Purpose: : The vitreous is a sink accumulating lipids and proteins with a paracrine function from the retina. This study was aimed at obtaining partial profile of these entities in the normal and diabetic vitreous (V) and exploring whether their presence correlates with retinal pathology.

Methods: : Central V samples were recovered during vitrectomy from individuals without retinal detachment (control), with retinal detachment but without an underlying diabetic retinopathy (NDR), with proliferative (PDR) and non-proliferative (NPDR) diabetic retinopathy. Lipid autocoid profiles were determined by mass spectrometry-based lipidomics using a triple quadruple linear ion trap LC/MS/MS system and multiple reaction monitoring of specific transition ions. Proteins were screened for 40+ angiogenic modulators and selected proteins were targeted for quantitative analysis (QA) using protein arrays.

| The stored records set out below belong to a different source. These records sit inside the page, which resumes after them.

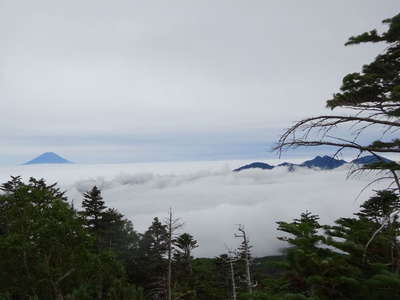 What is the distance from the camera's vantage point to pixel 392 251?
6672 millimetres

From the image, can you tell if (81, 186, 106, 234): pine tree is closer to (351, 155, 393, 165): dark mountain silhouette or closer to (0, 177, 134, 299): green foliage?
(0, 177, 134, 299): green foliage

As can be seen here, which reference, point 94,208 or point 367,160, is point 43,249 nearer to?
point 94,208

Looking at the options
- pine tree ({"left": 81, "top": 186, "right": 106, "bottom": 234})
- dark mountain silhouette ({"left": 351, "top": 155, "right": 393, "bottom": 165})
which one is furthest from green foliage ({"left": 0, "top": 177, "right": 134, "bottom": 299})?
dark mountain silhouette ({"left": 351, "top": 155, "right": 393, "bottom": 165})

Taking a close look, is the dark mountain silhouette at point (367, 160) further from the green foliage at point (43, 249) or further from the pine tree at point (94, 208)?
the pine tree at point (94, 208)

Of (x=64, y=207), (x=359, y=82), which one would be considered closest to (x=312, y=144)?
(x=359, y=82)

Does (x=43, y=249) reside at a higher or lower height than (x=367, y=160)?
lower

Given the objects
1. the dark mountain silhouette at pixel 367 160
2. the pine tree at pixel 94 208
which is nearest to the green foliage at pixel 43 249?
the pine tree at pixel 94 208

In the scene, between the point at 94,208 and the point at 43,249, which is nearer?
the point at 43,249

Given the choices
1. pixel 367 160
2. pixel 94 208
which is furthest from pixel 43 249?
pixel 367 160

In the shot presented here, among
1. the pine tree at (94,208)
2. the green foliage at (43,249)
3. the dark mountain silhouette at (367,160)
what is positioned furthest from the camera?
the pine tree at (94,208)

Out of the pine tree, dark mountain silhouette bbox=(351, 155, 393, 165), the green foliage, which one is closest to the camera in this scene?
dark mountain silhouette bbox=(351, 155, 393, 165)

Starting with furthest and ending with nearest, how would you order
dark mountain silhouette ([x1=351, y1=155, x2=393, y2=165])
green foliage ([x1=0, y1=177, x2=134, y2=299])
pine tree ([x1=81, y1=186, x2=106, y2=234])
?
pine tree ([x1=81, y1=186, x2=106, y2=234])
green foliage ([x1=0, y1=177, x2=134, y2=299])
dark mountain silhouette ([x1=351, y1=155, x2=393, y2=165])

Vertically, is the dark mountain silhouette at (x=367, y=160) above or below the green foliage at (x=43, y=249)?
above

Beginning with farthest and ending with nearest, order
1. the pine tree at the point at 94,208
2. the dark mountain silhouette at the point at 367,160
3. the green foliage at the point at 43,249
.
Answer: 1. the pine tree at the point at 94,208
2. the green foliage at the point at 43,249
3. the dark mountain silhouette at the point at 367,160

Results: : Lipid autocoid profiles reveal the presence of arachidonic acid (AA)-derived 5-hydroxyeicosatetraenoic acid (HETE), 15-HETE and 19-HETE and the docosahexaenoic acid (DHA)-derived resolvin 4-HDHA in the diabetic but not the control samples. Only the levels of 5-HETE, a product of 5-lipoxygenase (LOX), was more than 2 times higher in NPDR as compared to PDR patients (109.66±17.49 vs. 46.13±9.92 pg/mg protein, p=0.005). Protein array analysis revealed marked differences in the distribution of numerous angiogenic modulators in the control vs the pathological samples with a pattern suggesting that retinal detachment contributes to many of these changes. QA reveals, however, marked differences in the concentration range of specific proteins in the different sets of samples.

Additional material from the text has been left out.